## Task item
The required output is every line from the beginning of the entries below through the line that includes "Fabia Exclusive Nail", copied exactly.

Stored items from a collection
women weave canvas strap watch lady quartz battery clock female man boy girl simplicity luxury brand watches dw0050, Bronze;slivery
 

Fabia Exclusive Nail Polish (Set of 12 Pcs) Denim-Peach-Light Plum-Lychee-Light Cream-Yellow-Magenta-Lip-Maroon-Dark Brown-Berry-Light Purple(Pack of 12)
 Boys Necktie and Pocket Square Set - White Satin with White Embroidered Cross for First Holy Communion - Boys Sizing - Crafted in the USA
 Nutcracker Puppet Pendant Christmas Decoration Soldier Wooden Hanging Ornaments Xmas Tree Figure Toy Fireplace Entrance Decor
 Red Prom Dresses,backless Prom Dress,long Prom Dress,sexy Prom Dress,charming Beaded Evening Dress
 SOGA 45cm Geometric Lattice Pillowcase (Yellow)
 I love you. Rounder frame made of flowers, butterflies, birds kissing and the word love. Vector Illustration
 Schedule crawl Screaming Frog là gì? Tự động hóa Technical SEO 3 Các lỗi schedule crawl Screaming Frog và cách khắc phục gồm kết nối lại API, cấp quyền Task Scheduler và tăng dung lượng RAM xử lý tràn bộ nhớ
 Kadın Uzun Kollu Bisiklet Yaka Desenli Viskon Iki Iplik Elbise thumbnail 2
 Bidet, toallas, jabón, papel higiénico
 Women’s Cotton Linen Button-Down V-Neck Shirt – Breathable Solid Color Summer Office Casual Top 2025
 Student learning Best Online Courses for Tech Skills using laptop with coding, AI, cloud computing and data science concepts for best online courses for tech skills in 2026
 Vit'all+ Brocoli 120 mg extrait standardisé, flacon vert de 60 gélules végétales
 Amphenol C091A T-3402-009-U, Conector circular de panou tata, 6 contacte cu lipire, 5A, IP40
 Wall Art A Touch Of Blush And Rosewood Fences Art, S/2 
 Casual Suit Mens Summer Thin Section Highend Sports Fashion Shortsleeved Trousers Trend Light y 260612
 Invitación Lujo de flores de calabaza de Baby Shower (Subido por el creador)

## Reply to the task
women weave canvas strap watch lady quartz battery clock female man boy girl simplicity luxury brand watches dw0050, Bronze;slivery
 

Fabia Exclusive Nail Polish (Set of 12 Pcs) Denim-Peach-Light Plum-Lychee-Light Cream-Yellow-Magenta-Lip-Maroon-Dark Brown-Berry-Light Purple(Pack of 12)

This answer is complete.